> **Task item**:
Give back every record below word for word, with the pictures omitted.

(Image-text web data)
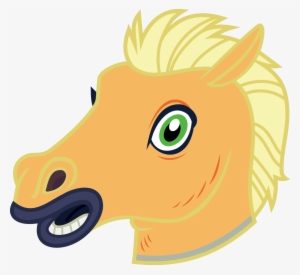 Luckreza8, Colored, Color Edit, Edit, Hoers Mask, Looking - Horse Head Mask Vector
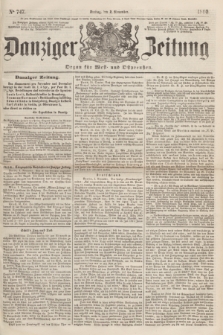 Danziger Zeitung : Organ für West- und Ostpreußen. 1860, No. 747 (2 November)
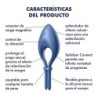 Anel Vibratório Bullseye Com App Satisfyer Azul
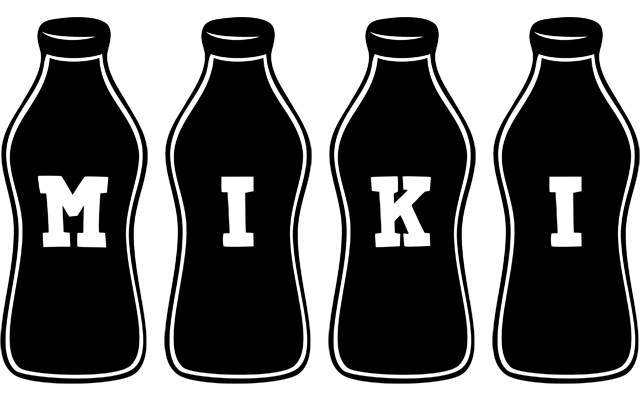 Miki bottle logo
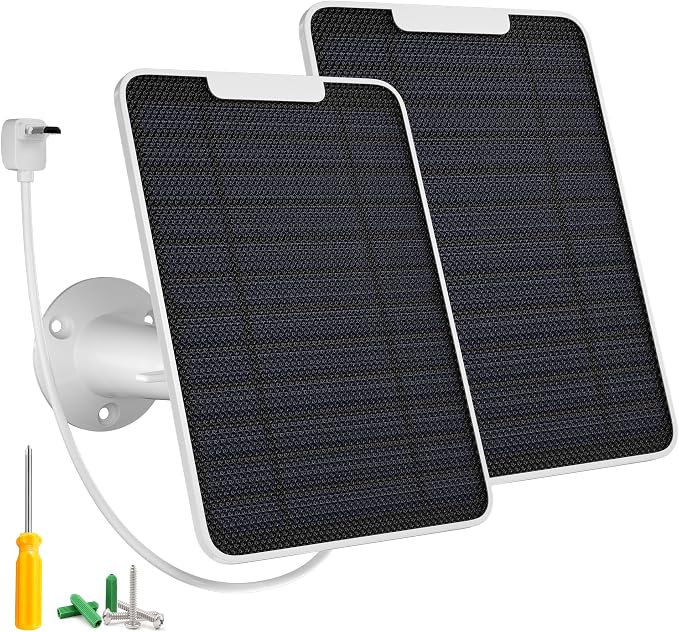 5W Arlo Solar Panel Charger Compatible by FOHOA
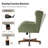 Caden Miriam Modern Wingback Chenille Swivel Tilting Simple Assembly Office Chair-35063622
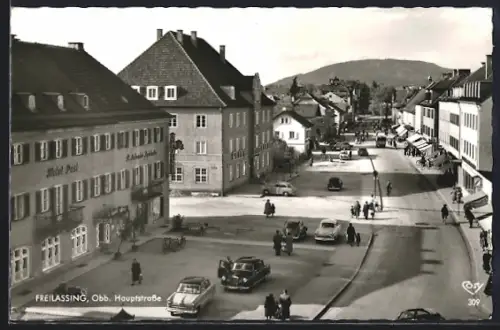 AK Freilassing /Obb., Hotel Post in der Hauptstrasse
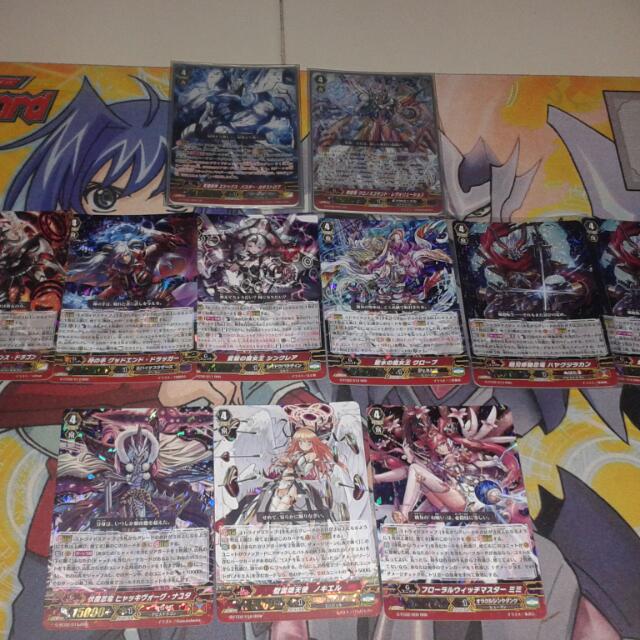 Cardfight Vanguard Fighters Collection 2015 Winter Jap Foils Toys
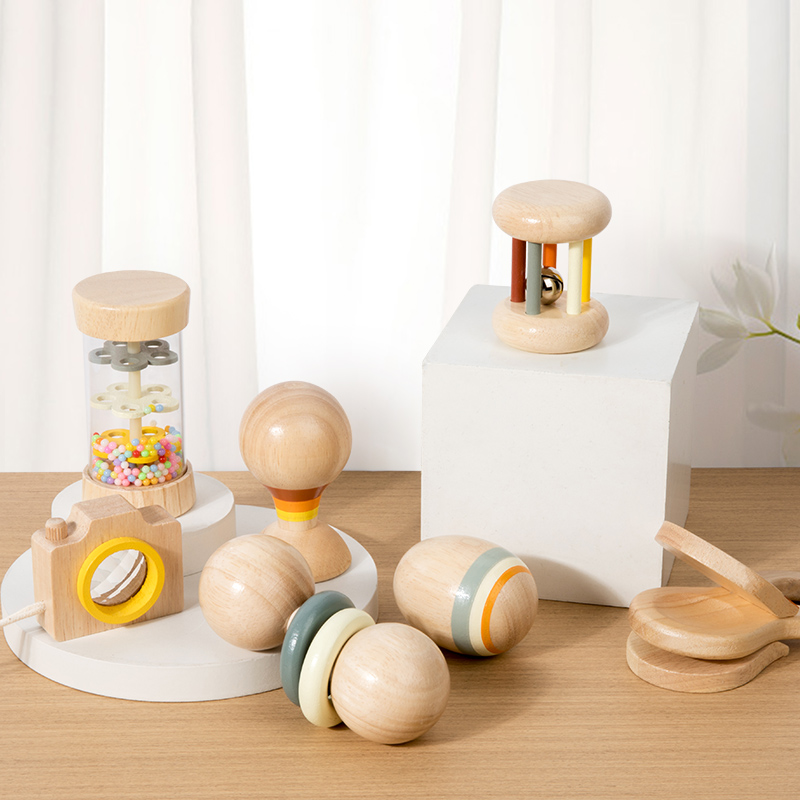 Montessori Ahşap Oyuncaklar 7  - Baby Rattle Toy Set incelemesi ve fiyatı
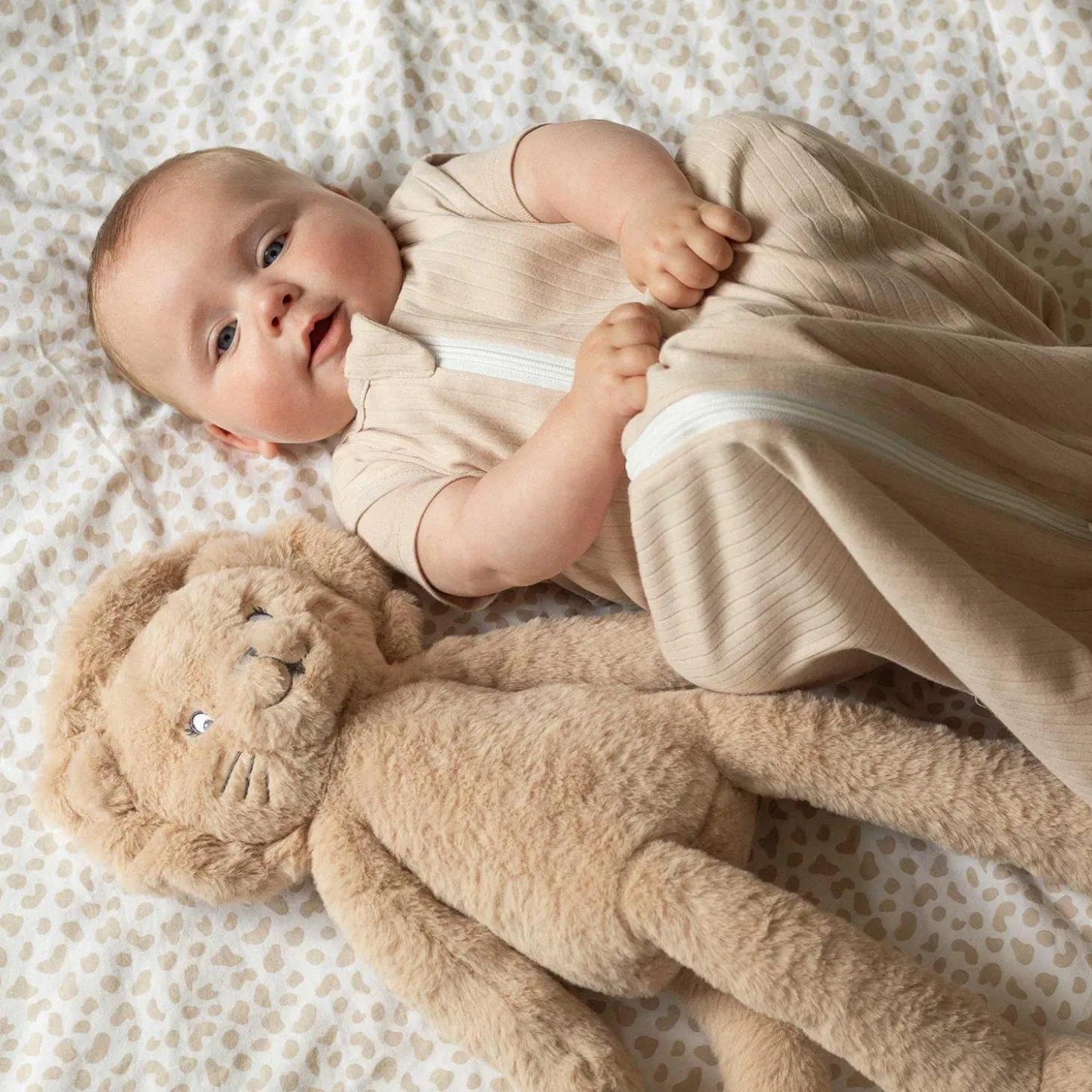 Trois Kilos Sept Grande peluche Lion Caramel
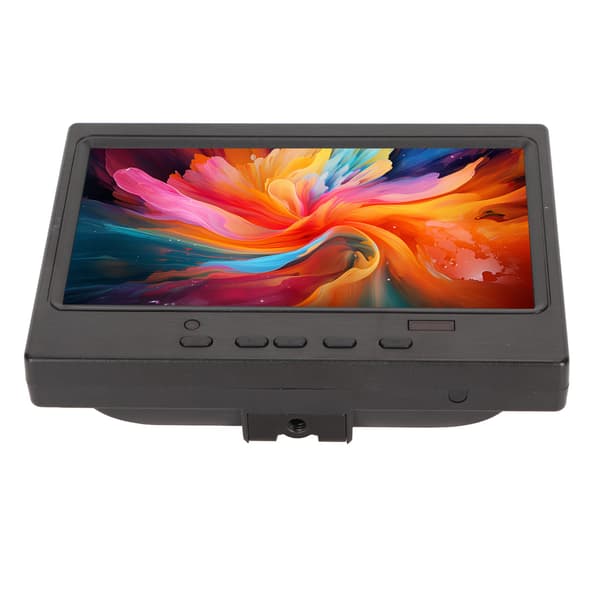 7 tums bärbar bildskärm 1024x600 stöder HD Multimedia Interface VGA AV bärbar skärm med stöd för PC 100‑240V järnfäste EU-kontakt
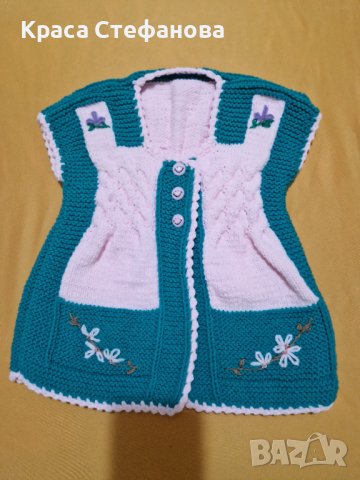 Ръчно изплатени детски елечета, снимка 3 - Детски якета и елеци - 42379360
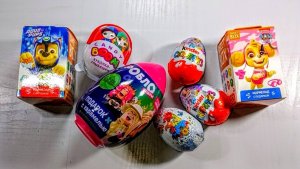 АСМР РАСПАКОВКА Киндер Сюрприз и Сюрприз Бокс 💥🥰👀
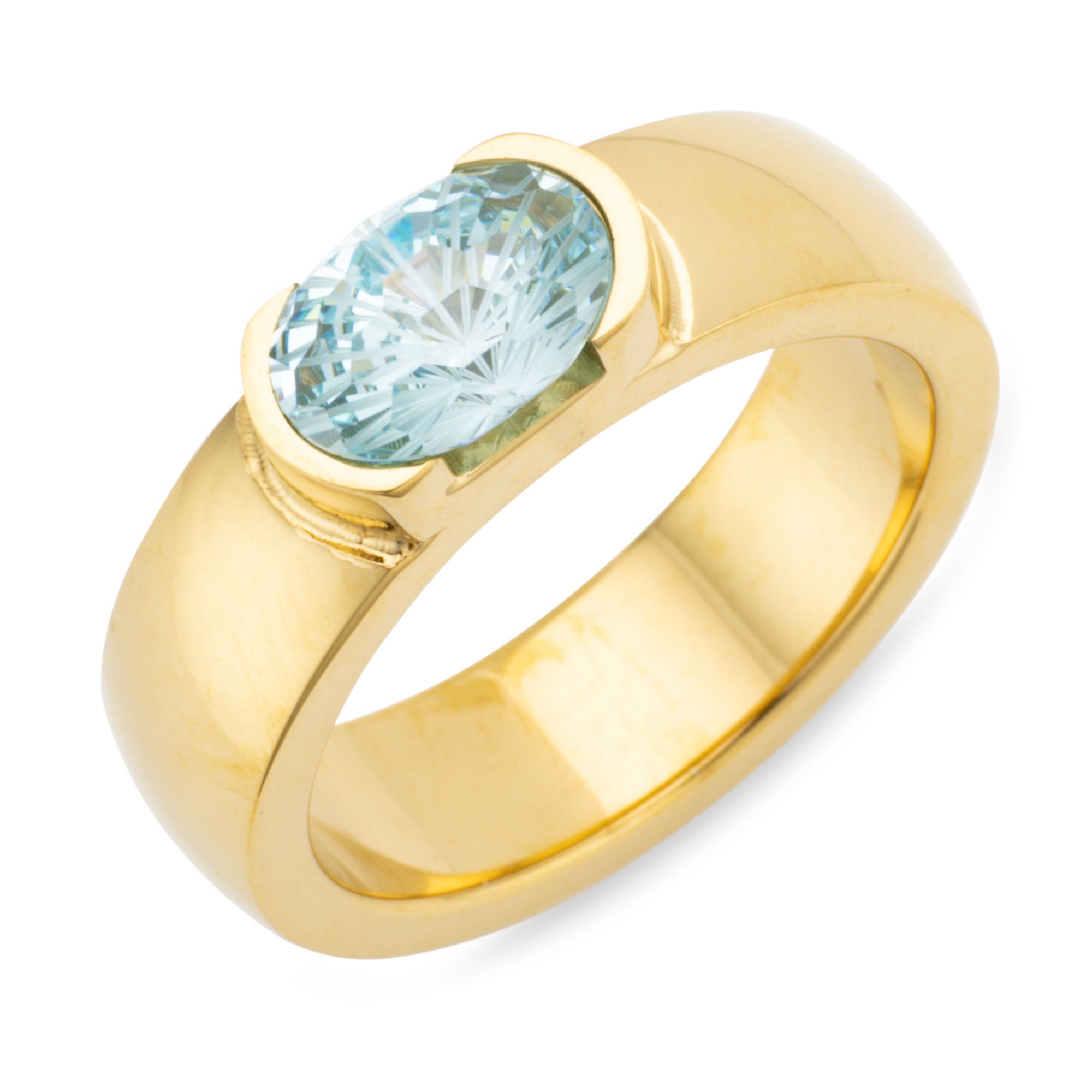 STEFFEN SCHRAUT Ring 1 Zirkonia Firework-Schliff Edelstahl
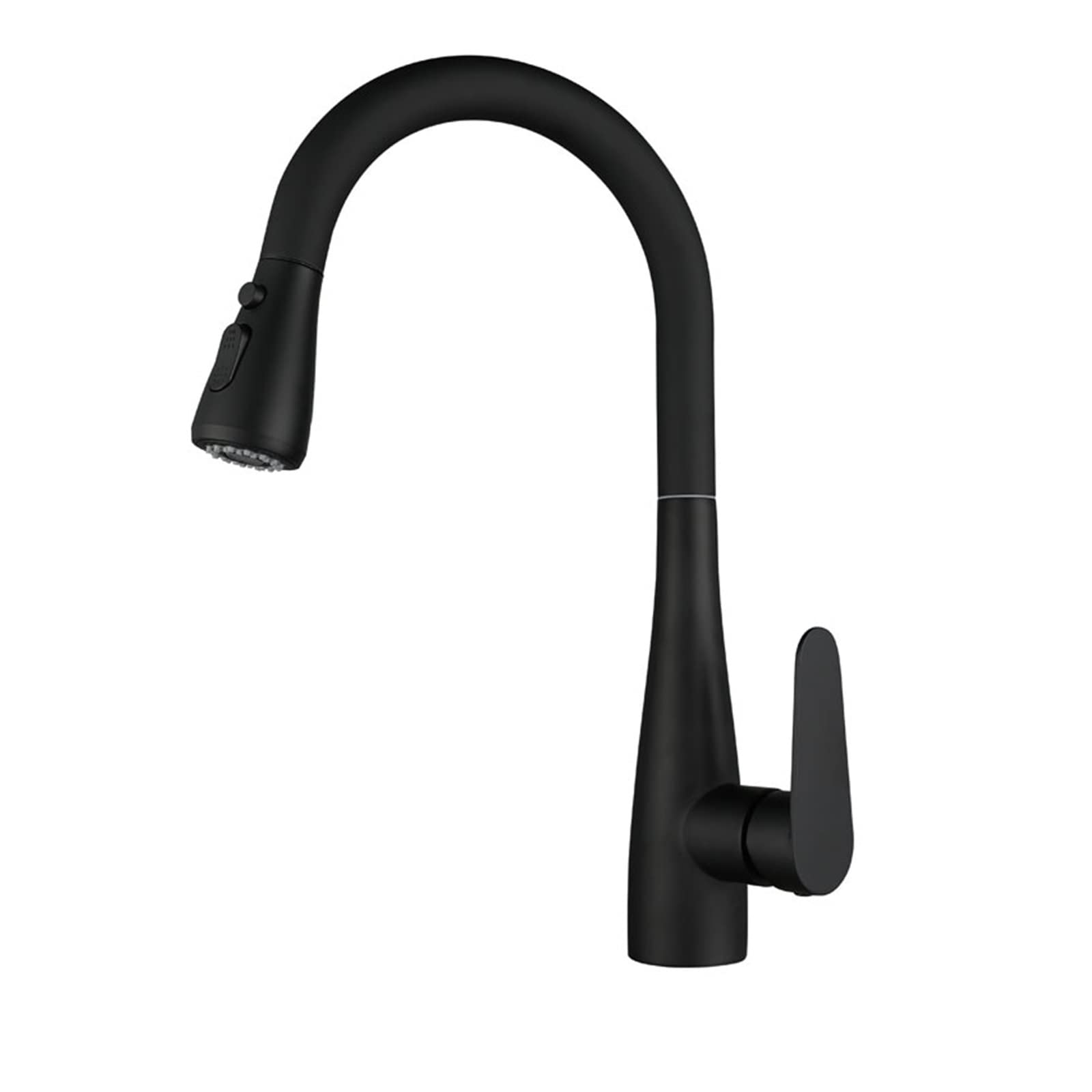 Robinet de cuisine extractible robuste en acier inoxydable 304 au design noir mat épuré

> **Answer below**:
 Luckreza8, Colored, Color Edit, Edit, Hoers Mask, Looking - Horse Head Mask Vector
 Danziger Zeitung : Organ für West- und Ostpreußen. 1860, No. 747 (2 November)
 Anel Vibratório Bullseye Com App Satisfyer Azul
 Miki bottle logo
 5W Arlo Solar Panel Charger Compatible by FOHOA
 Caden Miriam Modern Wingback Chenille Swivel Tilting Simple Assembly Office Chair-35063622
 AK Freilassing /Obb., Hotel Post in der Hauptstrasse
 Cardfight Vanguard Fighters Collection 2015 Winter Jap Foils Toys
 Montessori Ahşap Oyuncaklar 7  - Baby Rattle Toy Set incelemesi ve fiyatı
 Trois Kilos Sept Grande peluche Lion Caramel
 7 tums bärbar bildskärm 1024x600 stöder HD Multimedia Interface VGA AV bärbar skärm med stöd för PC 100‑240V järnfäste EU-kontakt
 Ръчно изплатени детски елечета, снимка 3 - Детски якета и елеци - 42379360
 АСМР РАСПАКОВКА Киндер Сюрприз и Сюрприз Бокс 💥🥰👀
 STEFFEN SCHRAUT Ring 1 Zirkonia Firework-Schliff Edelstahl
 Robinet de cuisine extractible robuste en acier inoxydable 304 au design noir mat épuré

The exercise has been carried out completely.